I'm looking at purchasing a 78 Chevrolet truck which has some modest rust which would most likely need to be taken care of via replacement sheetmetal and welding. I'm a decent welder (a little better than a hack). I understand how to strike the arc, create a puddle, and generally get two pieces of metal to permanently stick together.
One of the issues I have when welding thin sheet metal like you find on vehicles is, the metal is too thin and I end up blowing through it (burning holes in the metal where I'm welding). This makes a huge mess because if I really want to get it done right, I then have to cut it all back out and basically start from scratch.
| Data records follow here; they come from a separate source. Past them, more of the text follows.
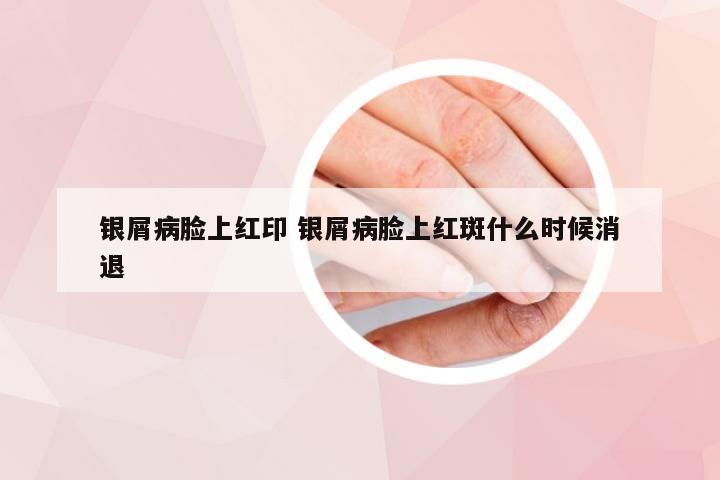 银屑病脸上红印 银屑病脸上红斑什么时候消退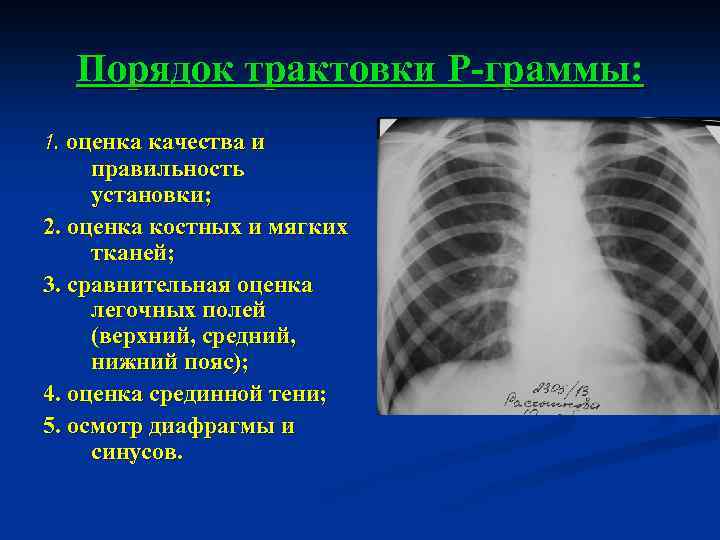 Поле легкого. Легочные поля. Легочные поля рентген. Сравнительная оценка легочных полей. Поля легких на рентгене.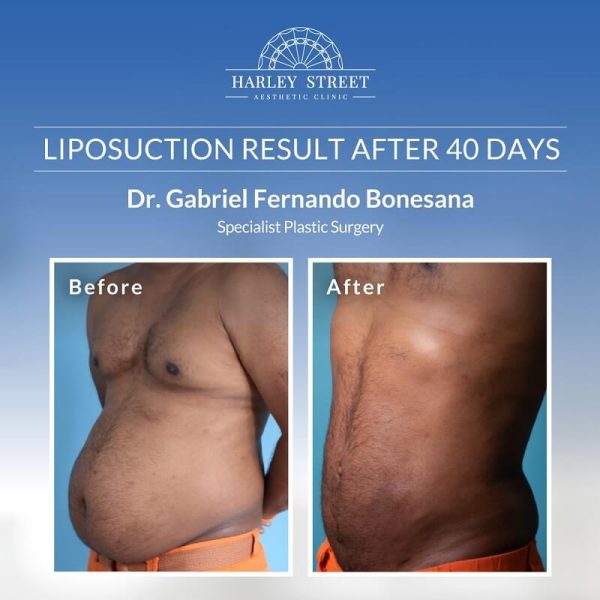 Dr. Bonesana-Liposuction After 40 days
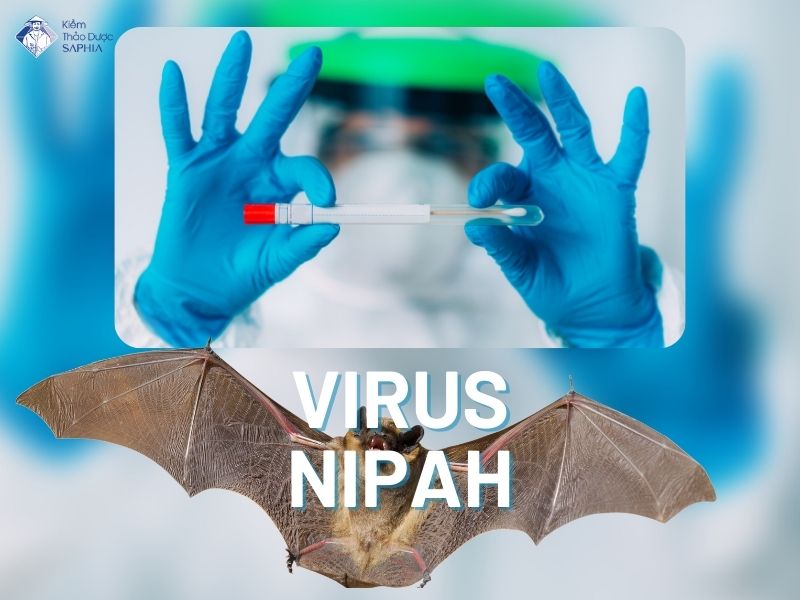 Virus Nipah 1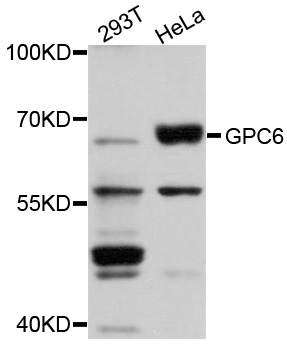 GPC6 / Glypican 6 Antibody - Western blot analysis of extracts of various cells.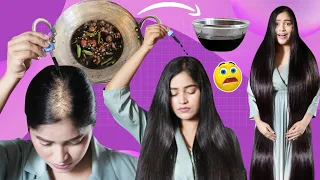 I Applied Just 1 Drop Of This Diy & Got Massive Hair Growth गंजे सर पर बाल वापस आ गए MostPowerfulDiy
To this point, most of the welding I've done on this type of sheet metal is only just trying to get metal to stay put and to heck with the aesthetics. Well, if I get this truck and want to do the sheet metal work on it, I'll need to do a better job and get it right on the first go.
My questions are:
- How do you avoid blowing through the sheet metal on vehicles?
- What techniques are best suited to providing the best overall finish?
For reference, I'm using a light duty mig welder. I have four power settings and a wire speed range from 0 to 10 (arbitrary, I know). It is a 240vac welder @60Hz. I use flux core wire which is .030" thickness. I'm do have .035" thick wire which I will go to when the .30" runs out (pretty soon).